A mim; a todos nós, os existentes, não é permitido abrir mão de tentar. Muitos, talvez a maioria, esteja desistindo, ‘entregando os pontos’, abatidos pelos reveses ou frustrados com breves êxitos. Sim, os pequenos êxitos embalam erros, turvam nossa visão, enganam o julgamento.
Talvez essa teimosia — a de tentar — venha a ser igualmente uma covardia, uma imodéstia, uma arrogância, uma pretensa superioridade moral. Talvez.
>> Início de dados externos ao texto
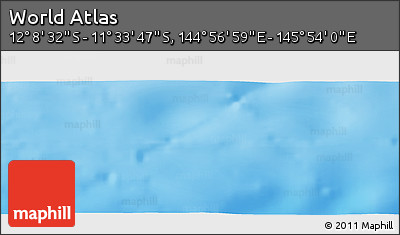 Physical Panoramic Map of the Area around 11° 51' 9" S, 145° 25' 30" E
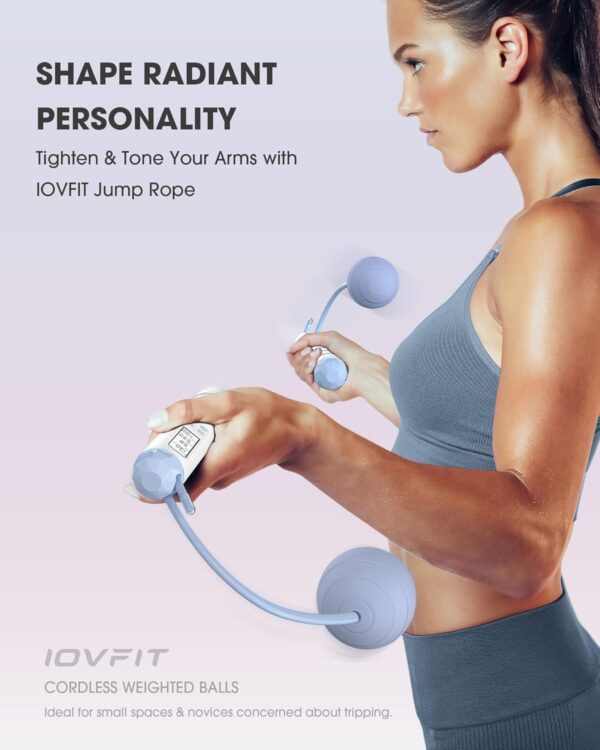 Cordless Weighted Jump Rope with Calorie Counter | Adjustable Knot-Free Skipping Rope for Fitness, Gym & Home Workouts | Ideal for Women, Men & Kids – 9.85ft
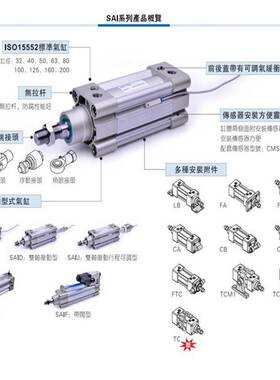 AirTAC原装亚德客SAI气缸 SAI32*125/150/160/175/200/225/250-S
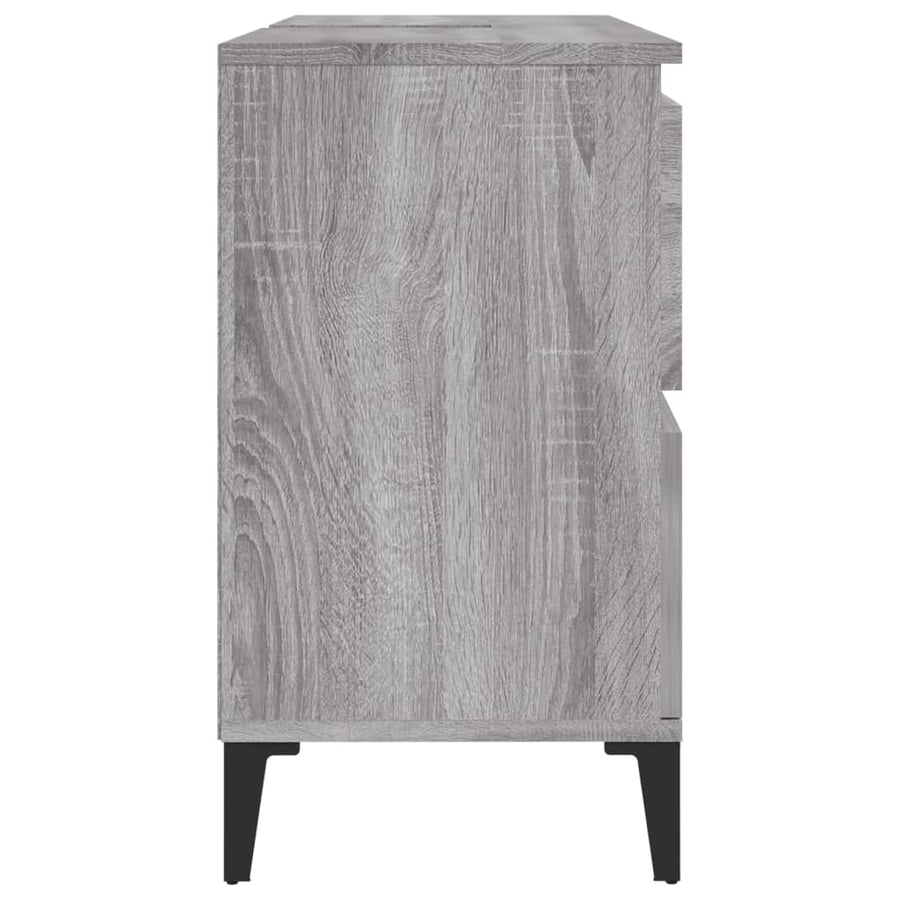 Wastafelkast 80X33X60 Cm Bewerkt Hout Eikenkleurig Grijs sonoma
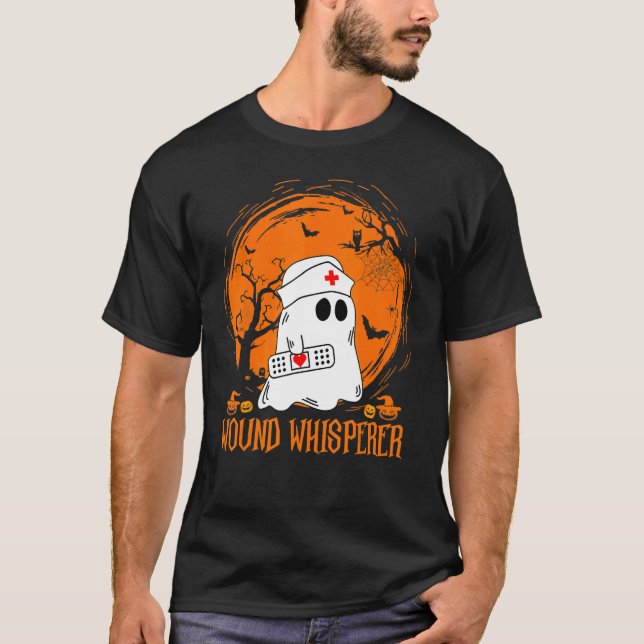Nurse Wound Whisperer Pumpkin Moon Ghost Halloween T-Shirt (Front)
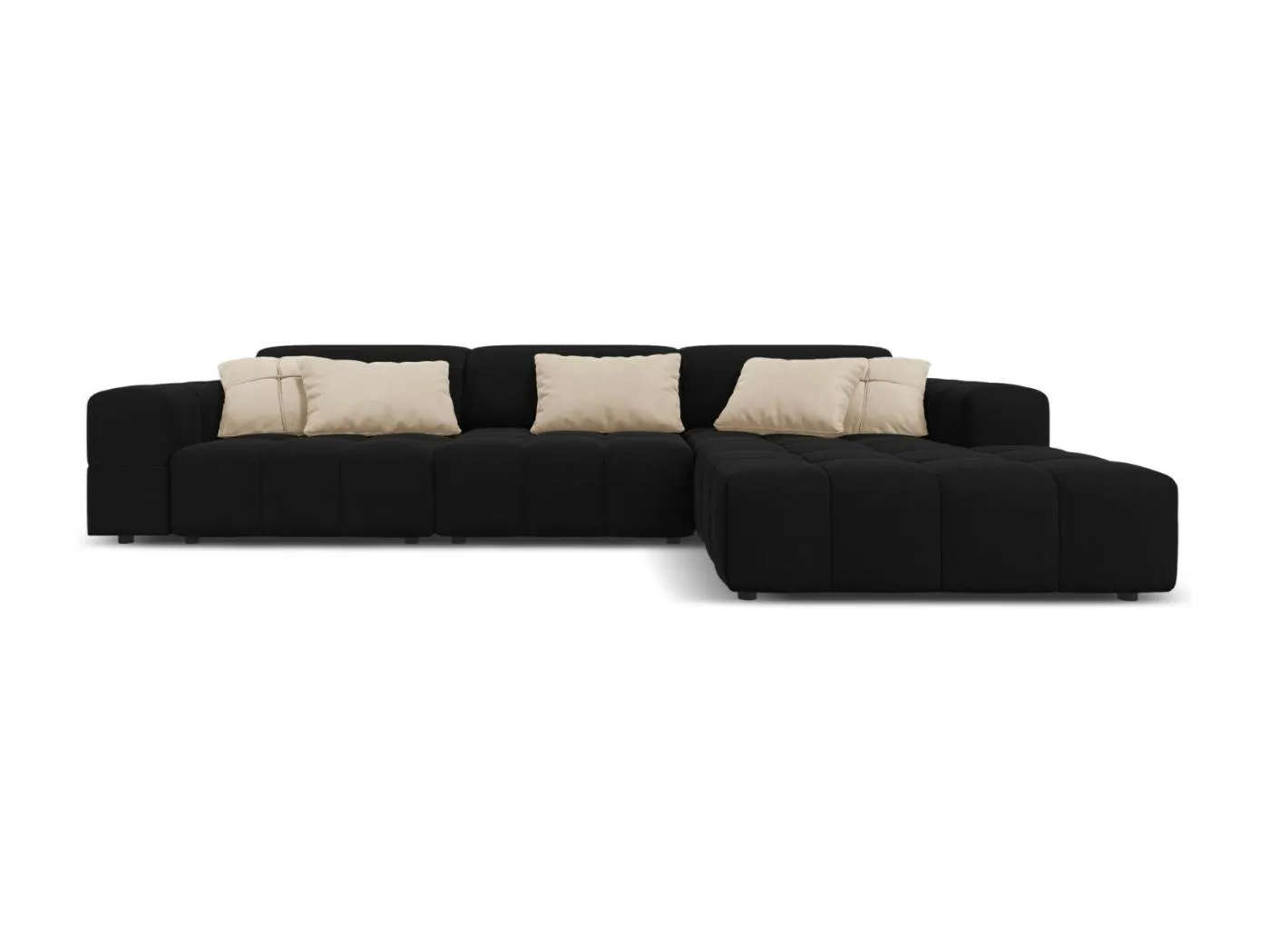 CXL by Christian Lacroix - 4-Sitzer Ecksofa rechts "Luc" Sitzer aus Samt schwarz - 284x166x70cm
Mas ainda que seja assim, nega-la não é uma opção, pois tenho intimamente a visão, o pressentimento, a intuição — ou, quem sabe, apenas a esperança — de que algum caminho factível exista.
Não são Nikolai Tchernichevski (com sua abordagem romântica) e Vladimir Lênin (com sua prática revolucionária) que embalam minha visão. Penso que estou mais próximo das ideias do pensador italiano Pietro Ubaldi (1886-1972), que no livro “Profecias”, de 1953, explicita o futuro possível:
“E, dado que a vida é sempre luta contra algum inimigo que obstaculiza a emancipação, desta vez o inimigo não será mais o próprio semelhante que vamos agredir, mas a nossa própria natureza animalesca, para superá-la e vencê-la. Como se vê, guerra contra ninguém, mas apenas contra as inferiores leis da vida, que ainda sobrevivem no homem, com o fim de sobrepujá-las. A emancipação da animalidade — eis a nova conquista; ou seja, um ‘requintamento’ de vida, não só na forma de fidalguia exterior, mas na substância, que é uma atitude psicológica de compreensão para com o próximo, de ordem na vida social, de bondade para com todos os seres. Embora tudo isso possa parecer utopia, não há outro futuro, se quisermos que haja verdadeiro progresso. Esta é a nova ordem do mundo.”
[As passagens em itálico foram extraídas de verbetes da enciclopédia livre digital Wikipédia.]